Zusammen mit den beiden Geologen Alexander Lukeneder und Mathias Harzhauser vom Naturhistorischen Museum Wien, die sich schon früher mit Oolithen beschäftigten, beschaffte das Team Vergleichsproben aus Österreich und Europa und wertete diese aus. Ein aufwändiges Vorhaben: Gesteinsproben von Frankreich bis zur Ost-Ukraine, von Deutschland bis Sizilien wurden dafür besorgt, zersägt und mikroskopiert. Unterstützt wurde das Team vom Land Niederösterreich, das finanzielle Mittel für die zeitintensiven Analysen zur Verfügung stellte.
Inneres gibt auch Aufschluss über Äußeres
Die Tomographie-Daten der Venus zeigten, dass sich die Sedimente im Gestein in verschiedenen Dichten und Größen abgelagert hatten. Dazwischen befanden sich immer wieder kleine Reste von Muscheln und sechs sehr dichte, größere Körner, sogenannte Limonite. Letzteres erklärt die bisher rätselhaften halbkugelförmigen Vertiefungen an der Oberfläche der Venus mit demselben Durchmesser: „Die harten Limonite sind dem Schöpfer der Venus beim Schnitzen vermutlich herausgebrochen“, erläutert Weber: „Beim Venusnabel hat er dann offenbar aus der Not eine Tugend gemacht.“
Eine weitere Erkenntnis: Der Venus-Oolith ist porös, weil sich die Kerne der Millionen Kügelchen (Ooide), aus denen er besteht, aufgelöst hatten. Damit könne man sehr gut erklären, warum der findige Skulpteur gerade dieses Material vor 30.000 Jahren ausgesucht hat: Es ist wesentlich leichter zu bearbeiten. Die Wissenschafter*innen identifizierten auch einen winzigen, gerade einmal 2,5 Millimeter langen Muschelschalenrest und datierten ihn in die Jurazeit. Damit waren alle anderen potentiellen Lagerstätten des Gesteins aus dem viel späteren Miozän-Erdzeitalter, wie etwa diejenigen im nahegelegenen Wiener Becken, ausgeschlossen.

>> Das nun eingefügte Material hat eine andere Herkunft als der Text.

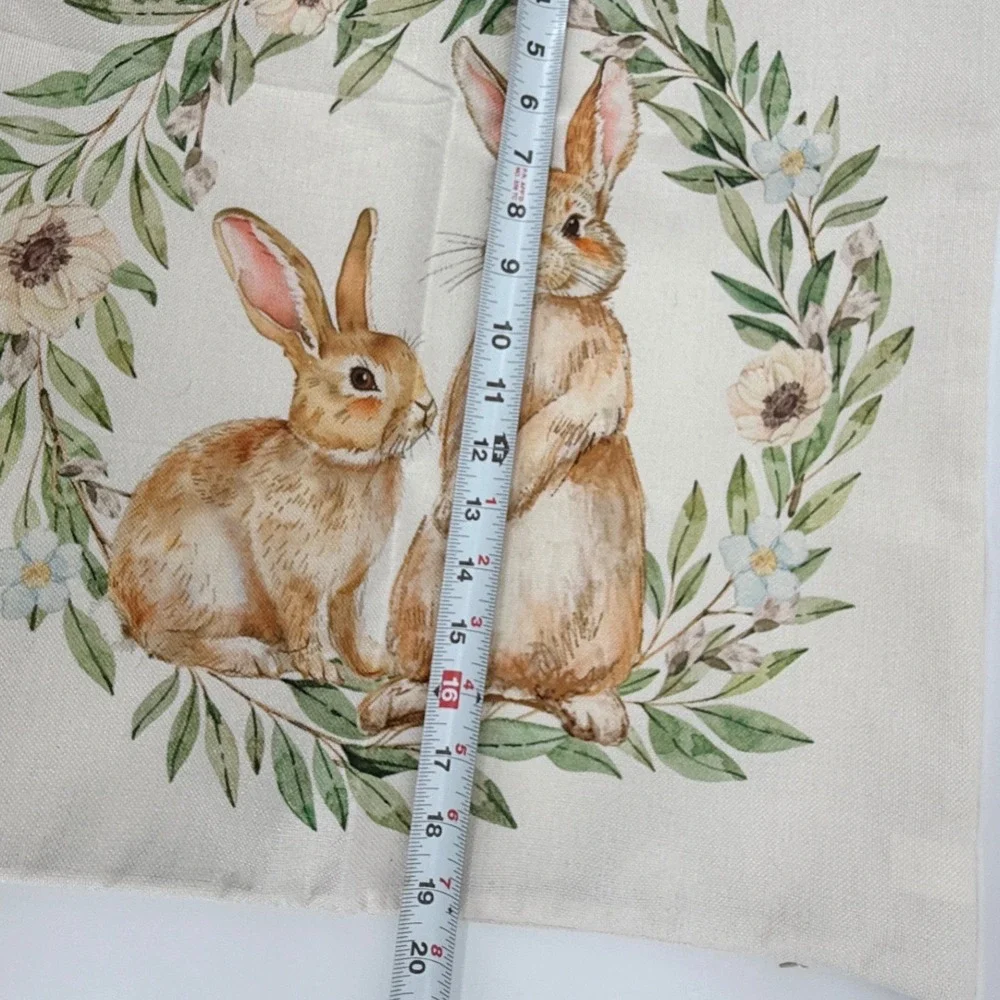 Easter Bunny‎ Pillow Cover Floral Wreath Spring Holiday Home Decor Throw 19X19
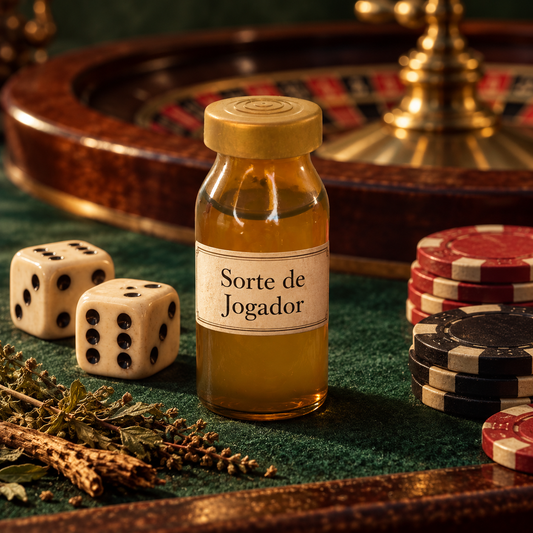 Óleo Hoodoo Sorte de Jogador com rótulo, dados, fichas e ervas sobre feltro verde, com roleta ao fundo.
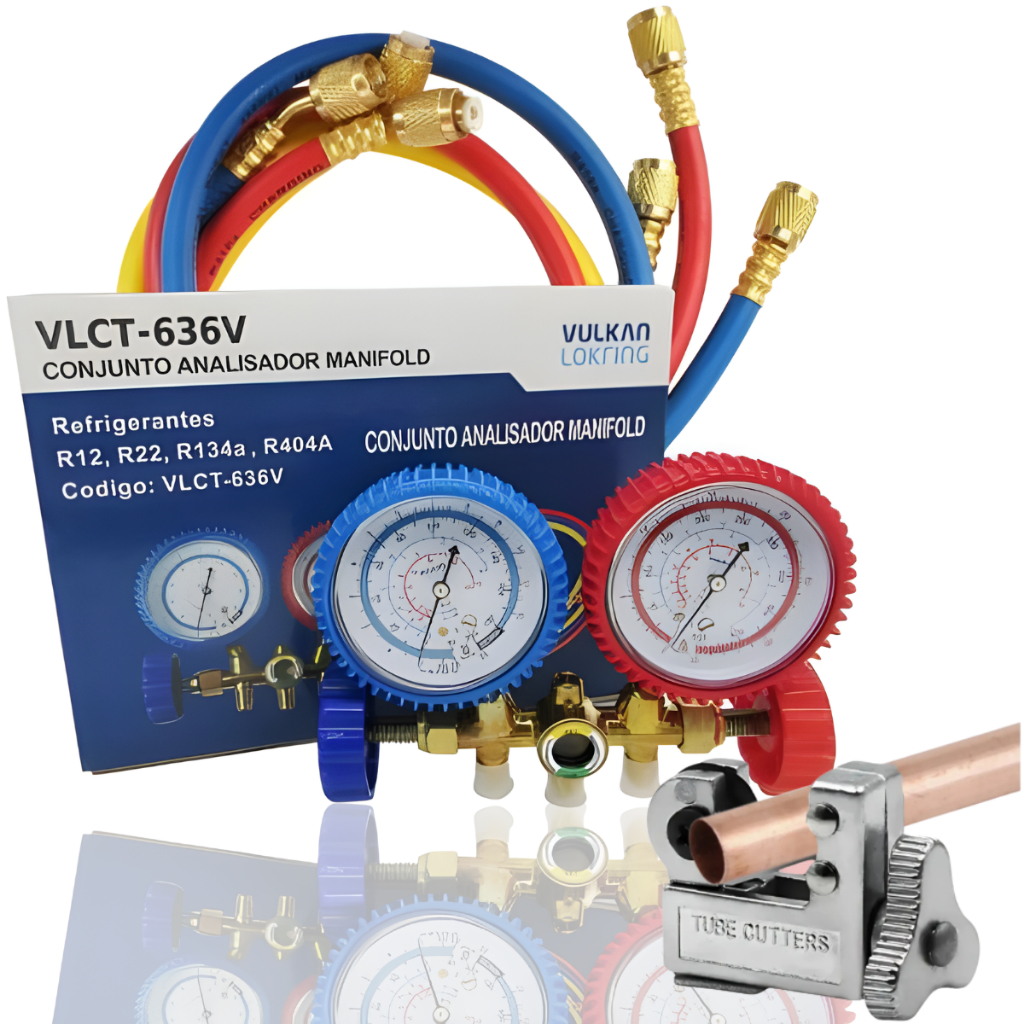 Manifold  R12/R22/R134/R404A Vulkan + Mini cortador para tubos de cobre 1/8 A 5/8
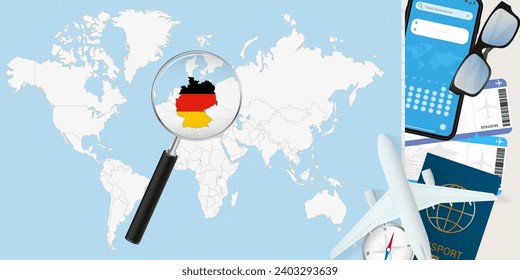 Deutschland wird über eine Weltkarte vergrößert, Illustration mit Flugzeug, Pass, Bordkarte, Kompass und Brille. Vektorgrafik.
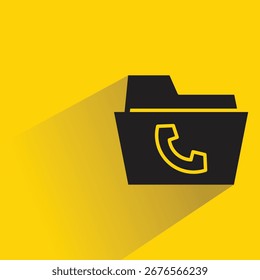 ícone da pasta de contatos do telefone com fundo amarelo-sombra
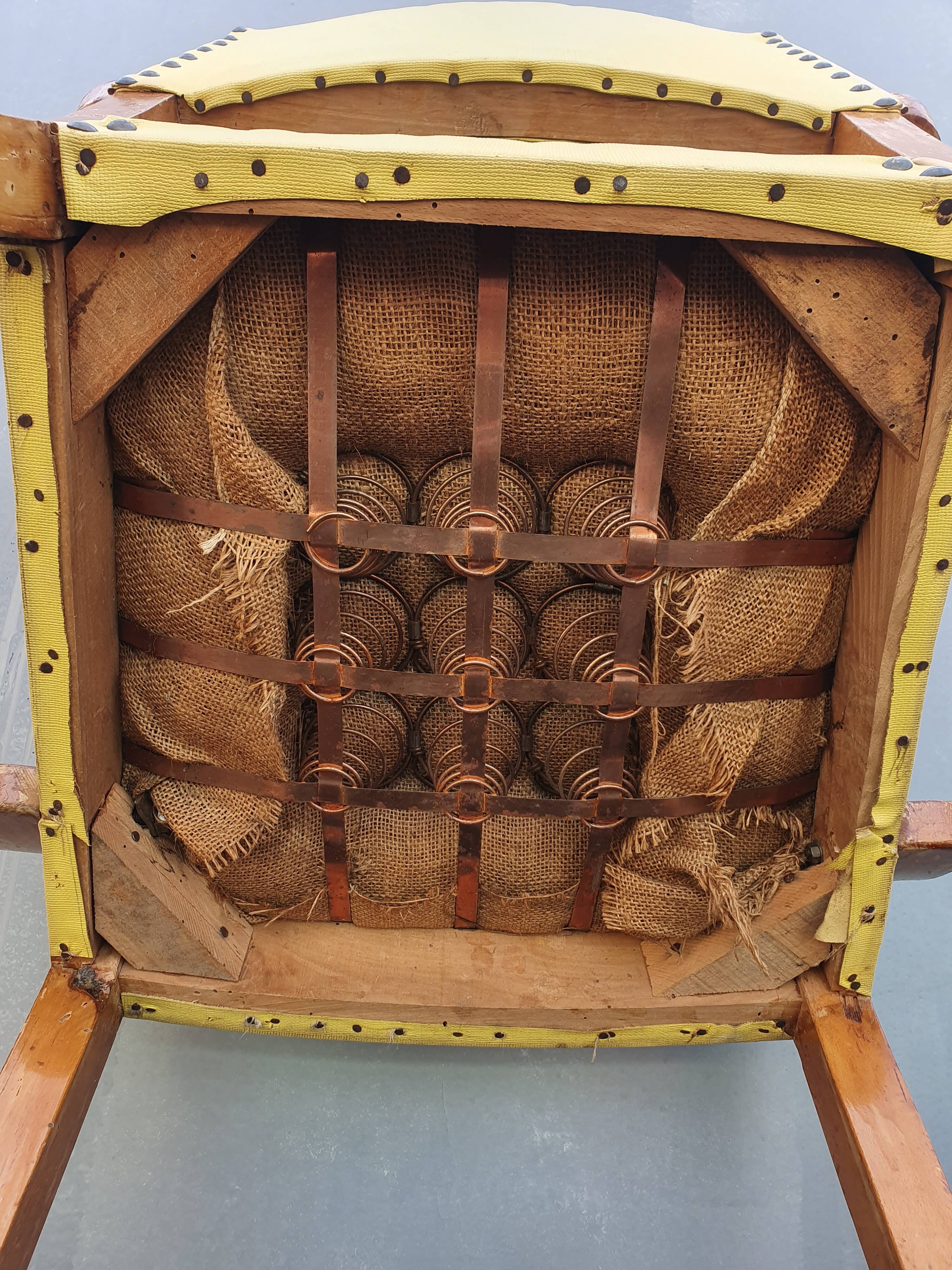 Yellow skai armchair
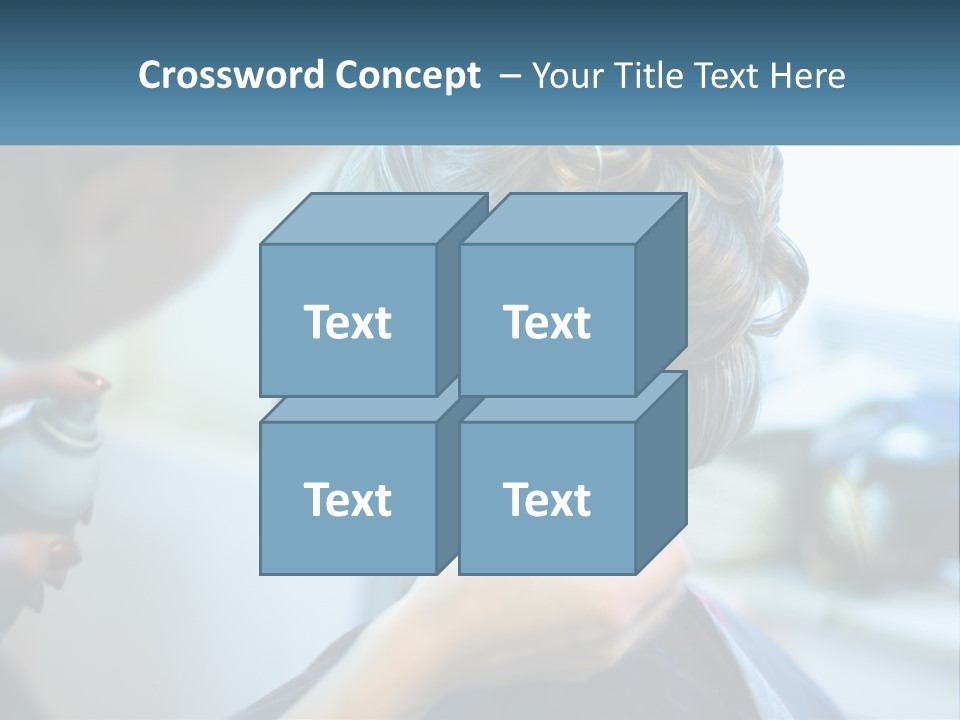 A Woman Getting Her Hair Styled By A Professional Hair Stylist PowerPoint Template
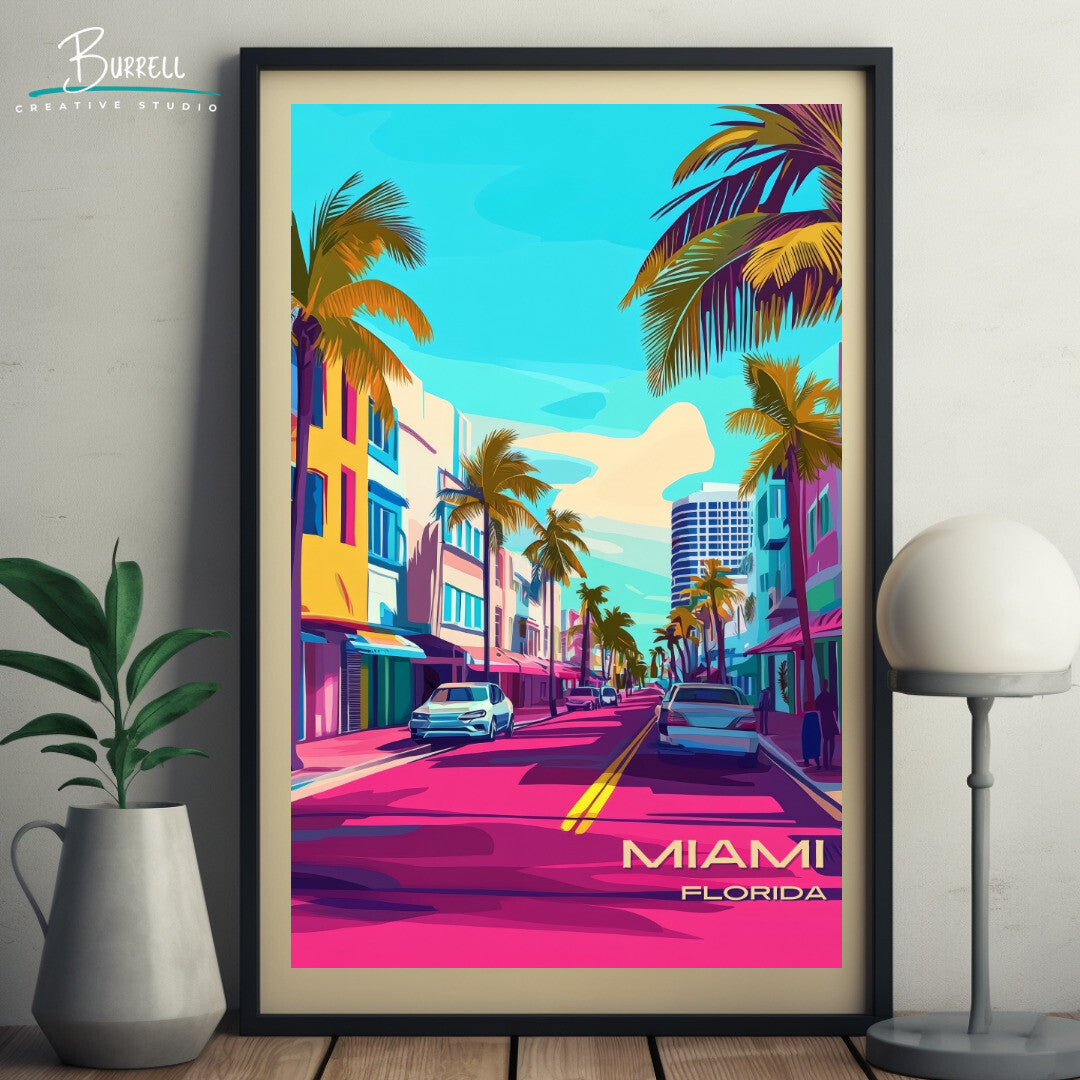 Miami Florida Ocean Drive Travel Poster & Wall Art Poster Print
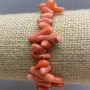 Brățară din coral roz, mărgele cilindrice naturale, diametru 9–17×4 mm ± (elastică), lungime 18 cm+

Ein für damalige Verhältnisse weiter Weg
Auch die übrigen Proben analysierte das Forschungsteam auf ihre Korngrößen. Hunderte, manchmal auch tausende Körnchen wurden mit Bildverarbeitungsprogrammen oder gar manuell markiert und vermessen. Keine der Proben im Umkreis von 200 Kilometern von Willendorf passte auch nur annähernd. Die Analyse zeigte schließlich: Die Proben der Venus waren statistisch nicht zu unterscheiden von Proben eines Ortes aus Norditalien in der Nähe des Gardasees. Das ist bemerkenswert, weil es bedeutet, dass die Venus (oder zumindest ihr Material) eine Reise von südlich der Alpen bis zur Donau nördlich der Alpen angetreten hatte.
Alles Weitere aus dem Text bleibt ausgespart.